On the second tier, Yell eased to 22.25p, down 1.1 per cent or 0.25p, after Royal Bank of Scotland weighed in, scaling back its target price for the directories group's stock to 25p from 45p. "We now forecast Yell breaching banking covenants at year end," the broker said, sticking to its "hold" stance.
Further afield, Bovis Homes was 5.3 per cent or 22.25p stronger at 439.25p thanks to UBS, which moved the house-builder's stock to "buy" from "neutral", with a revised 518p target price, compared to 491p previously, citing the prevailing discount to tangible net asset values. "Given recent signs of price stability and a balance sheet which puts Bovis in a position to buy land, we see attraction in the shares," the broker said.
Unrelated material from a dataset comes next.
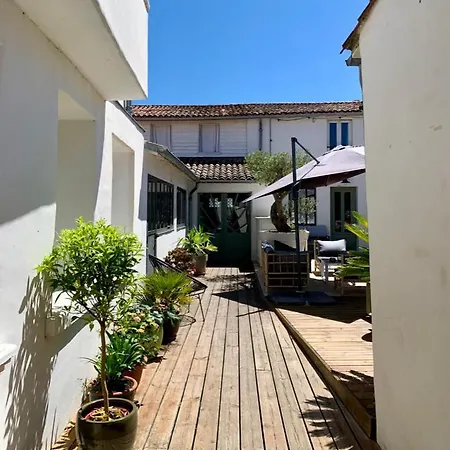 Alojamento de Acomodação e Pequeno-almoço Maison Face Au Soleil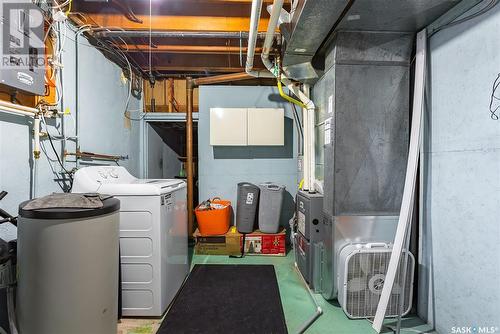 306 Montreal Avenue, Saskatoon, SK - Indoor Photo Showing Laundry Room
UBS also reiterated its positive stance on Barratt Developments, which climbed to 174.5p, up almost 6 per cent or 9.75p.
"Given [that] the group has already lost out on some attractive land opportunities due to a relatively inflexible cash deployment situation, we suspect an equity issue is made in due course," the broker said, adding that Barratt's valuation appeared attractive even after the prospective dilution to tangible net asset values from a possible equity issue.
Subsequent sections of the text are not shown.